On Sunday, the Senate finalized a deal that would pair about $60 billion in aid for Ukraine with more than $20 billion for border security. The legislation would make it harder for migrants to qualify for asylum status and grant the president the ability to shut down the border when it becomes “overwhelmed.” However, heeding Trump’s wishes, House Republican leadership declared the deal “dead on arrival.”
“Let me be clear: The Senate border bill will not receive a vote in the House,” Steve Scalise, the House majority leader, wrote in a Sunday post on X, formerly known as Twitter. “Here’s what the people pushing this ‘deal’ aren’t telling you: It accepts 5,000 illegal immigrants a day and gives automatic work permits to asylum recipients—a magnet for more illegal immigration.” (The legislation does not allow for 5,000 migrant crossings per day; instead, this number of crossings—if reached on a rolling seven-day average—would serve as the benchmark for the president shuttering the border.)
While Trump and his congressional allies claim to oppose the deal on policy grounds, the former president has privately warned that its passage would serve as a boon for Joe Biden’s reelection campaign, HuffPost previously reported. The president could point to it as proof that he is doing something to curb the record numbers of migrant entries and that Washington is functional under his leadership. Of course, in the bill’s absence, higher and higher levels of migration from now until November is likely help Trump and hurt Biden, as more public attention is paid to the issue.

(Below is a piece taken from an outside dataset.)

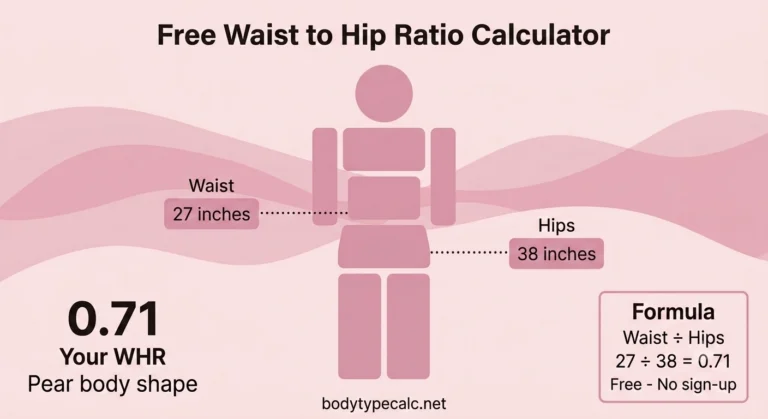 Waist to Hip Ratio Calculator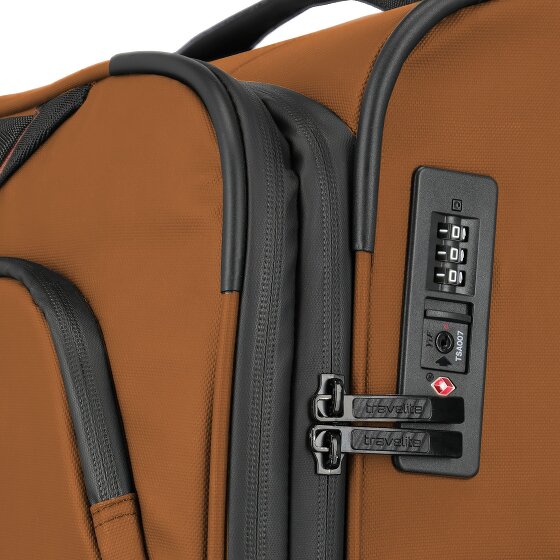 Travelite Briize 4 wheels Suitcase set 3-piece with expansion pleat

While the bill’s demise may be a win for Trump, not all Republicans are pleased with his politically strategic stonewalling. “I just think it’s unfortunate that we can’t, as individual United States senators, take the time and the effort and intellectual honesty to study something on your own and make a decision,” Kevin Cramer, a Republican senator from North Dakota, told Politico last week. “Donald Trump has an opinion too. That’s great, but ours should be our opinion.” Senator Thom Tillis, a North Carolina Republican, suggested that his House colleagues are more susceptible to Trump’s pressure campaign because they face reelection every two years. “President Trump has had an influence on it. You also have to think about where we are in political cycles,” Tillis told Politico. “If you’ve got somebody who’s got a filing deadline in March or April or May, there’d be no way to prevent an uninformed person from challenging them.”

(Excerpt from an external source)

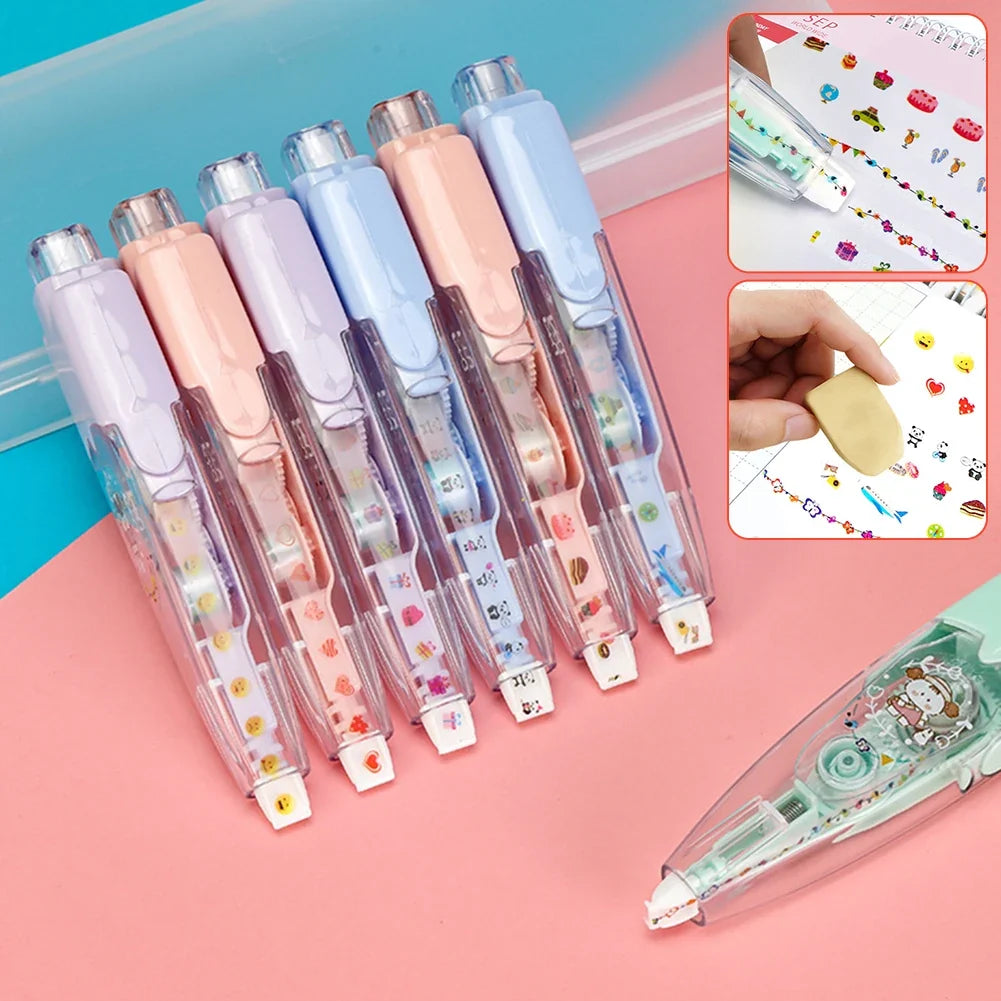 Cute Animal Decorative Tape Pen | DIY Craft Stationery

In a most candid comment, John Cornyn, a Republican senator from Texas, argued that Trump has nothing to worry about. Deal or no deal, he claimed, the border will still serve as a crisis point Republicans can exploit in November. “What I would tell [Trump] is I don’t think the issue is going to go away,” said Cornyn, speaking to Politico. “Even if something were to pass in the next 10 months, I don’t think you’re gonna see a dramatic change at the border.”

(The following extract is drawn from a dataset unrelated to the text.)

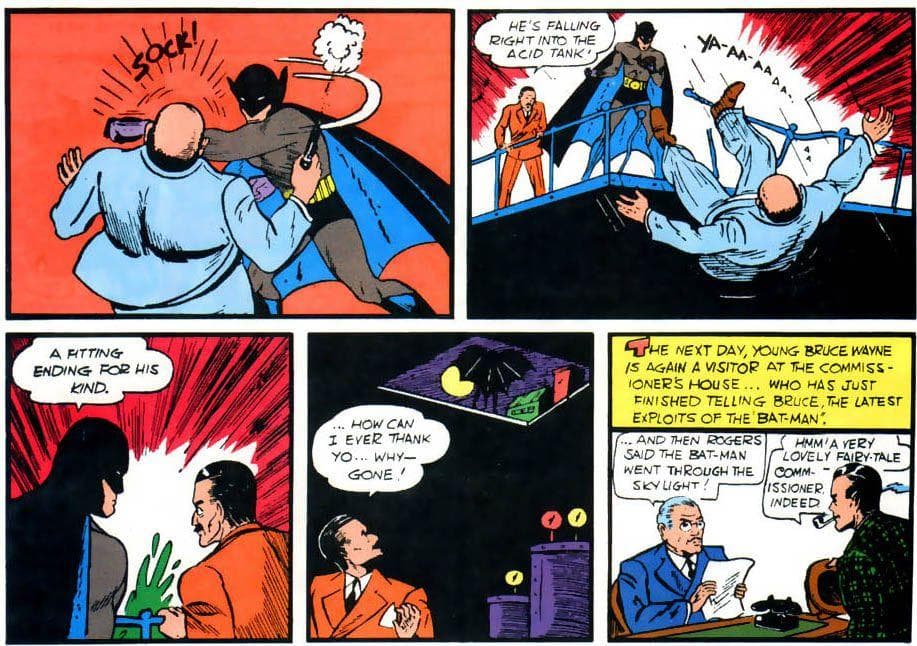 Forget Jail For This Chemical  is listed (or ranked) 7 on the list Every Time Batman Has Brutally Murdered People Over The Decades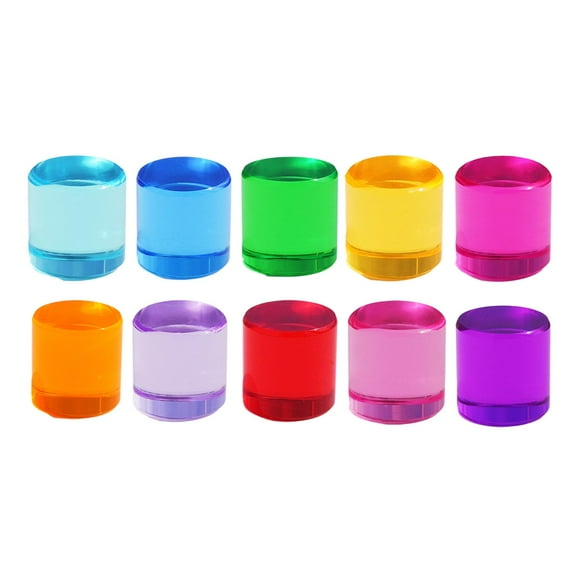LeeQinersw Rainbow Building Blocks Set Birthday Gift Rainbow Acrylic Gemstone Cylinders 2.5cm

As for Trump himself, he has said that “only a fool, or a Radical Left Democrat, would vote for this horrendous Border Bill,” despite the deal being crafted in part by James Lankford, a conservative senator from Oklahoma. “This Bill is a great gift to the Democrats, and a Death Wish for The Republican Party,” Trump added in a Truth Social post Monday. “It takes the HORRIBLE JOB the Democrats have done on Immigration and the Border, absolves them, and puts it all squarely on the shoulders of Republicans.”